Натурализуя этнические различия, Динер отрицает способность неэтнических групп структурировать «мнемонические коллективы» и совместно помнить свои потери; на это способны, по его мнению, только этнические группы. Я полагаю, этот аргумент сомнителен даже в отношении немцев и евреев. Евреи не были «фундаментально отличны» от немцев до того, как нацисты приложили огромные усилия, чтобы сделать их своим национальным «Другим». Тезис Динера о «фундаментальном различии» между этническими и другими группами недооценивает те типы солидарности, которые выходят за рамки национальных границ. Если верить Динеру, репрессии против «кулаков» или «нэпманов» не могли остаться и не остались в коллективной памяти либо потому, что эти группы были идеологической фикцией, созданной большевиками с их теорией классовой борьбы, либо потому, что они были полностью уничтожены и не оставили потомков. Динер считает такие преступления подлежащими историческому описанию, но недоступными культурной памяти. При этом Динер делает исключение для тех групп в советском обществе, что были репрессированы по этническому принципу. Среди них он называет лишь украинцев, хотя мог бы привести и множество других примеров – чеченцев, крымских татар или тех же евреев после Второй мировой войны.

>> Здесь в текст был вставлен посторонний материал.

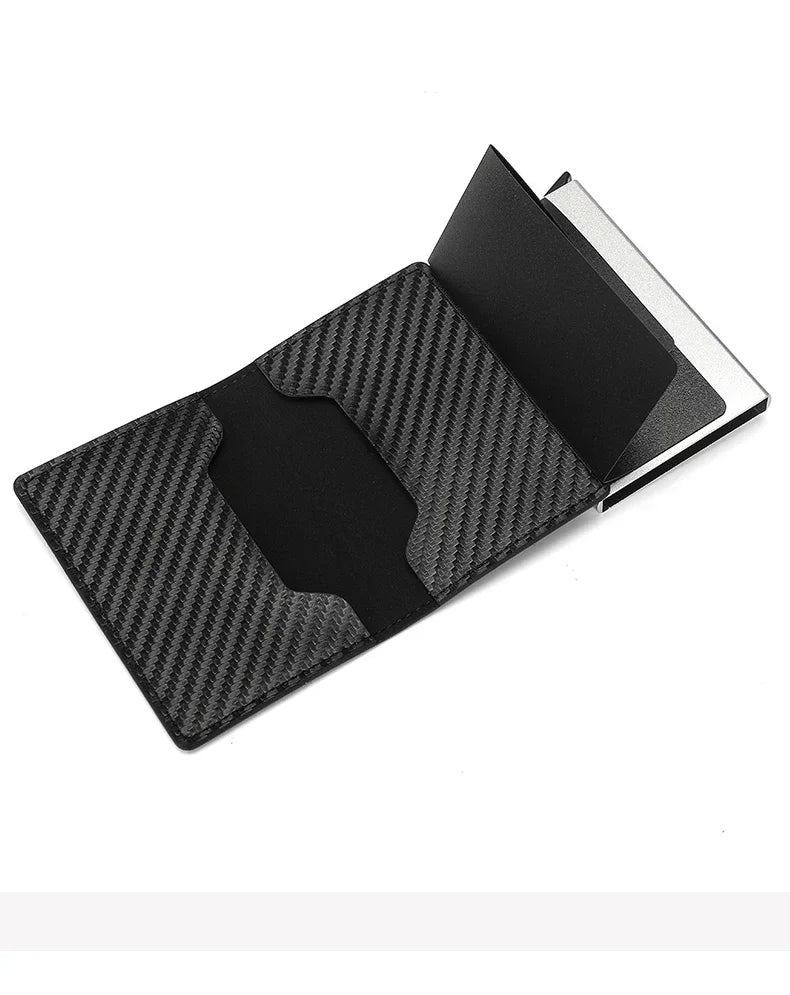 Carbon Fiber Credit Card Holder Wallet Men Rfid Smart Meral Thin Slim Pop Up Minimalist Wallet Small Black Purse Metal Wallet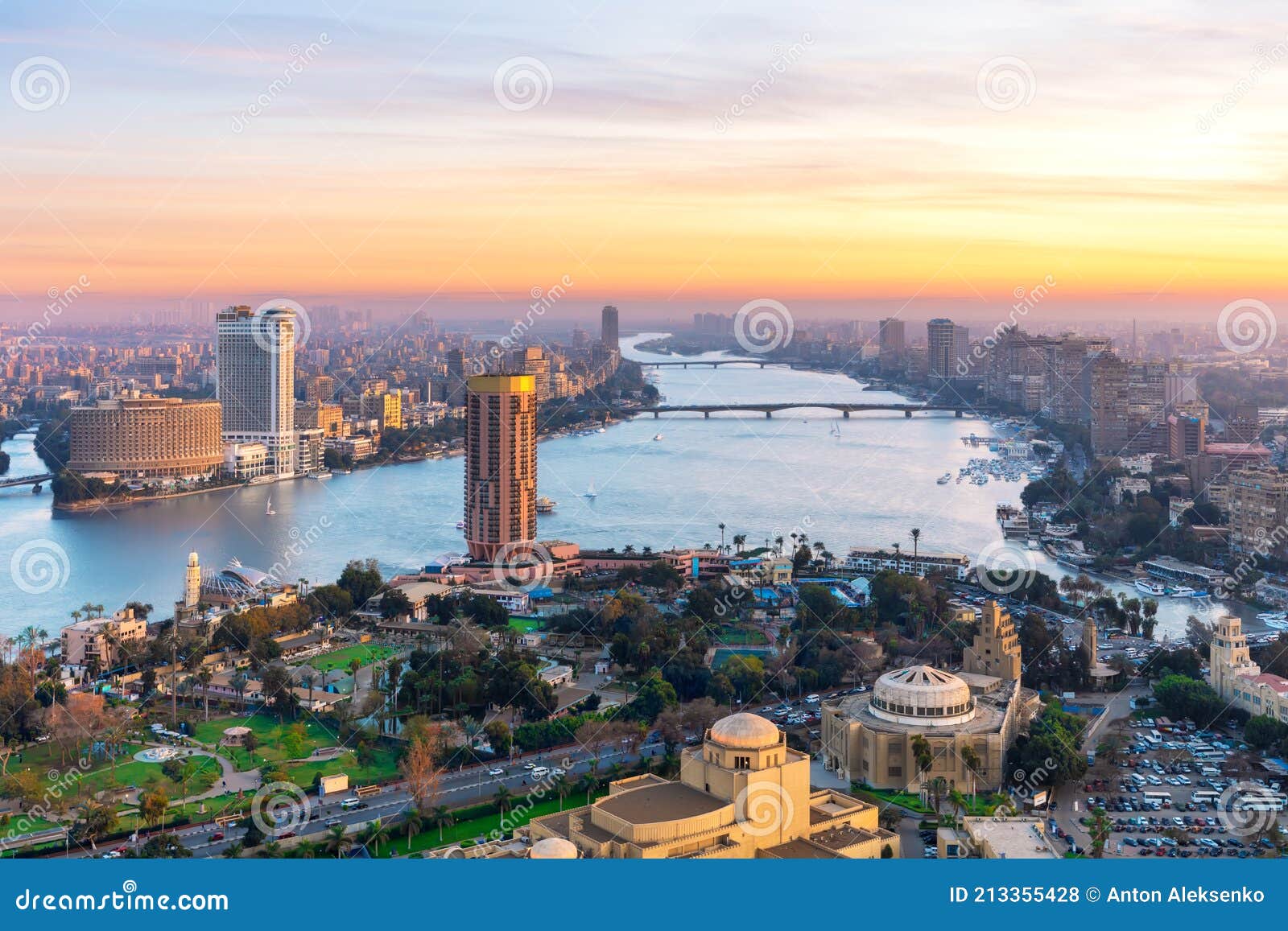 cairo downtown with skyscrappers on the nile at sunset, egypt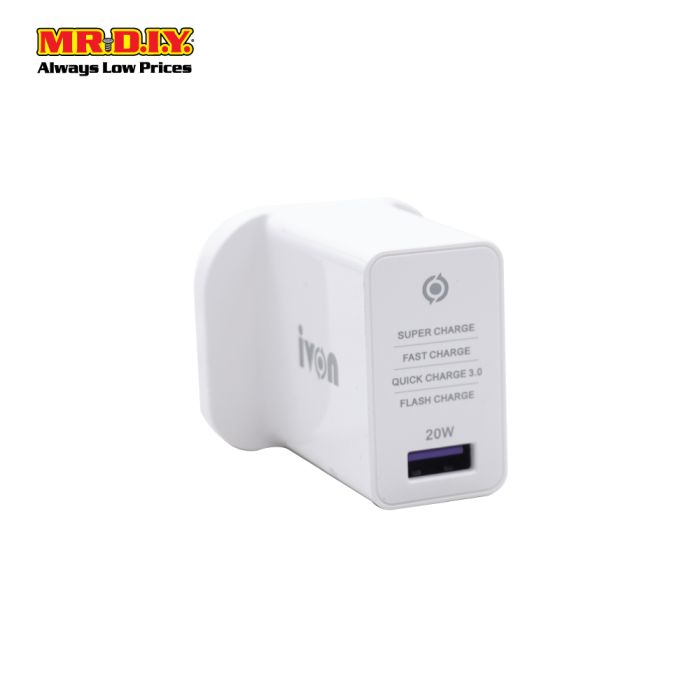 MR.DIY) Super Fast Charger 20W 4.0A Digital Adapter USB Connection Cable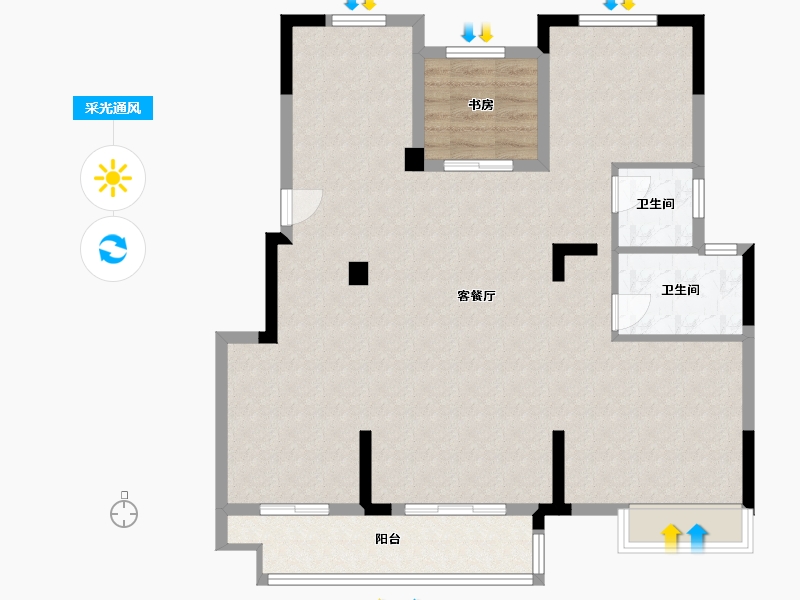 浙江省-嘉兴市-弘阳 昕悦棠-104.00-户型库-采光通风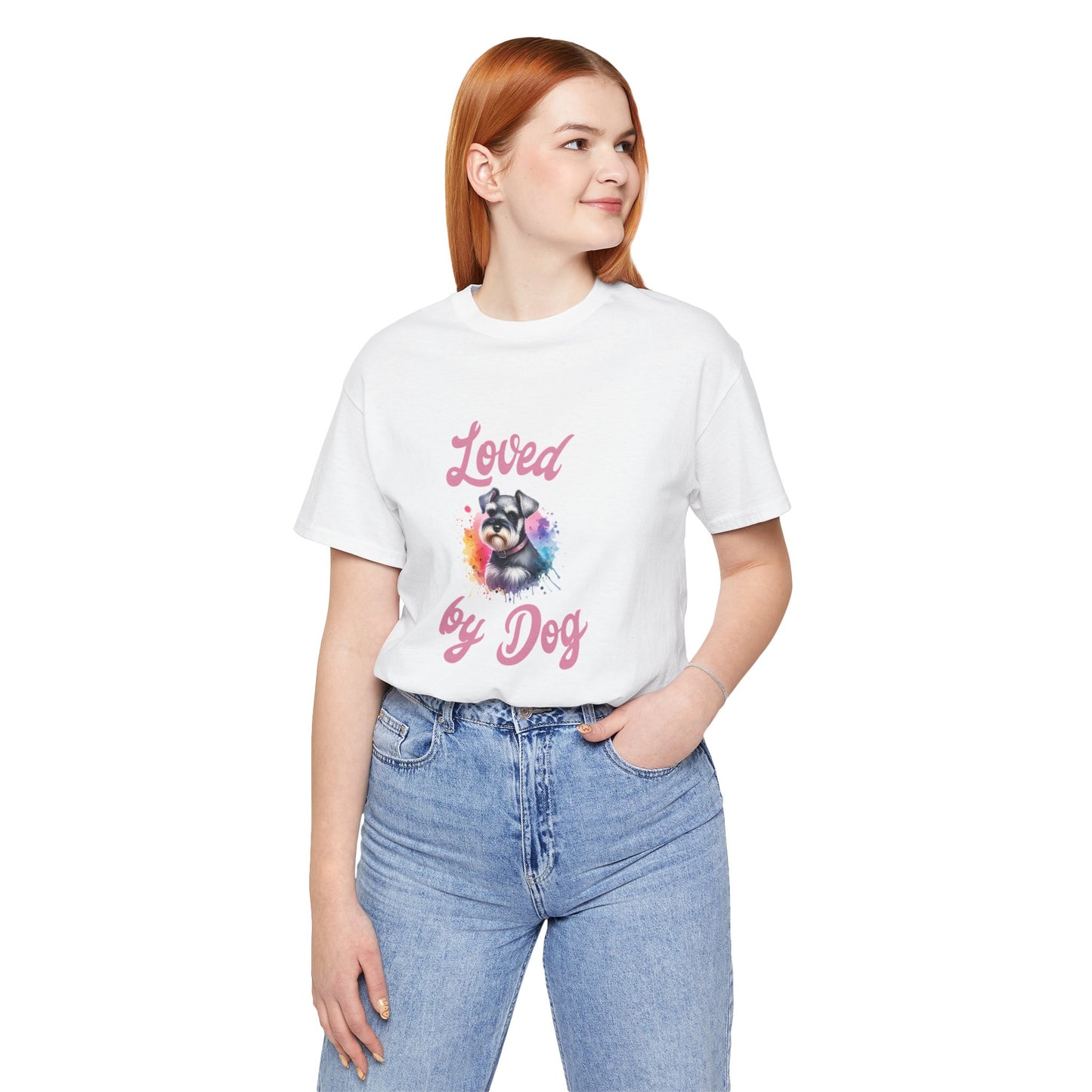 Loved by Dog Unisex Jersey Tee - Cute Miniature Schnauzer Lover Shirt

Однако мой основной вопрос к Динеру не об этих случаях этнических репрессий, а о том, является ли осуществленная им национализация памяти – идентификация мнемонического коллектива с этнической группой – исторически верной и морально оправданной? Я считаю, что нет. Задуманная с целью утвердить уникальность Холокоста в сравнении с другими примерами массовых убийств, эта концепция коллективной памяти делает невозможными сами эти сравнения. Динер упрощает различия между двумя типами коллективов – нацией и классом. Попытки марксистов придать социальным группам функцию самосознания («класс для себя») не кажутся Динеру убедительными, но национальную идентичность он воспринимает как данность.